For the New Year’s Eve, I wanted to make choux puffs. I have to say I had never made them before, but I googled for the recipe and it sounded like something pretty easy to make. Choux puffs are so beautiful and perfect on a New Year’s table! So, I decided to go for it and asked my sister to come over and babysit for a couple of hours (while Stano was chilling out at their corporate NYE party). I made vanilla cream filling with one of my precious vanilla beans. The filling came out flawless - fluffy, glossy, and richly flavoured with vanilla, but that was apparently the last thing I made right. Every recipe I found called for 4 eggs in the batter, but I felt like my batter was too loose already after the third egg, so I didn’t beat in the fourth. The batter didn’t hold its shape at all, but I still decided to pipe it onto the baking sheet and see how it would behave in the oven. I had read that the batter balls (or in my case - batter blobs) had to be around 1 inch in diameter. So I placed my tiny blobs into the oven and waited. After 7 minutes the blobs got pretty brown in colour and puffed up a little bit, but they still were tiny. They looked like real choux pastry inside, though. Ugly little brown dwarfs :) I still had some batter left and thought I’d make larger blobs and see what would happen. This time I got a batch of small flying saucers… I was devastated! But that was hilarious too - all those baking sheets with miserably flat “puffs” stacked around the kitchen..
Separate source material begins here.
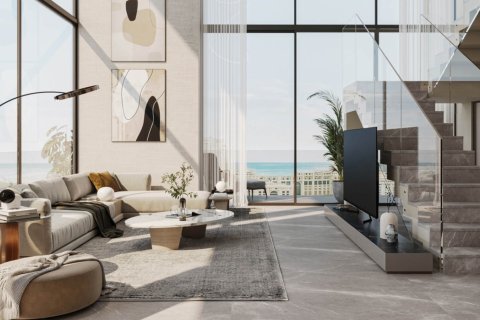 Apartment de 1 dormitorio en Dubai, UAE No. 153662 14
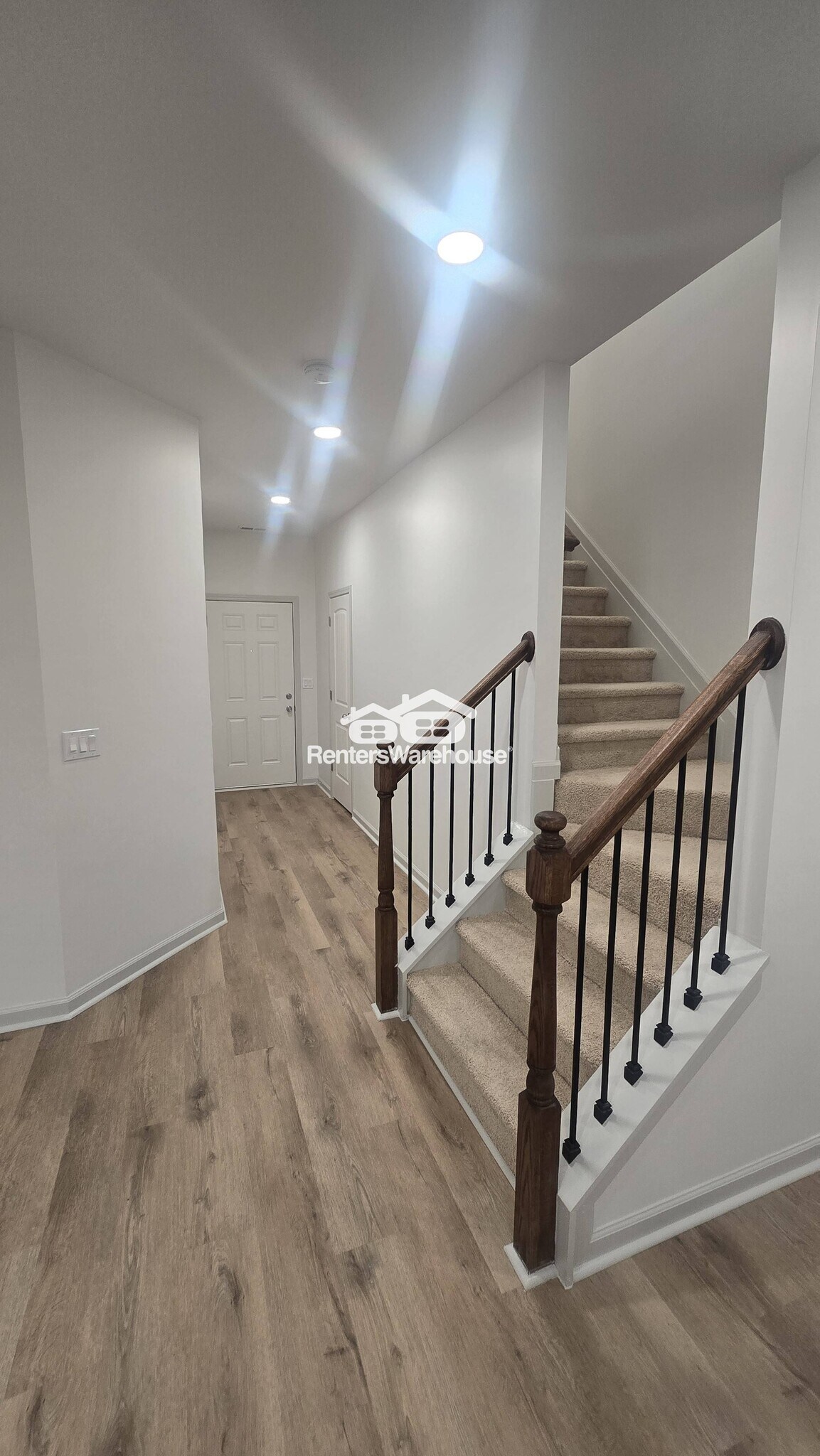 Building Photo - 796 Grenier Terrace NE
Now can anybody tell me what I did wrong? What didn’t I read between the lines when I was reading the recipe? It looked very simple at a first glance. I need to learn to make choux puffs!!

So, as you could have guessed, we had no choux puffs for New Year. Which actually didn’t make our family get-together any worse - it was still very generous and very international, you could hear Russian and Slovak and English and Italian and Spanish languages, there were Italian and Latvian sweets on the table, and the jewel in the crown - Mom’s cranberry and whipped cream trifle cake, decorated with Christmas trees of kiwi and fireworks of coloured sugar.

Aaaand I know I’m late as always (this year I have an excuse though), but I’d like to wish all my fellow bloggers a very happy, cheerful and delicious New Year. Cin cin!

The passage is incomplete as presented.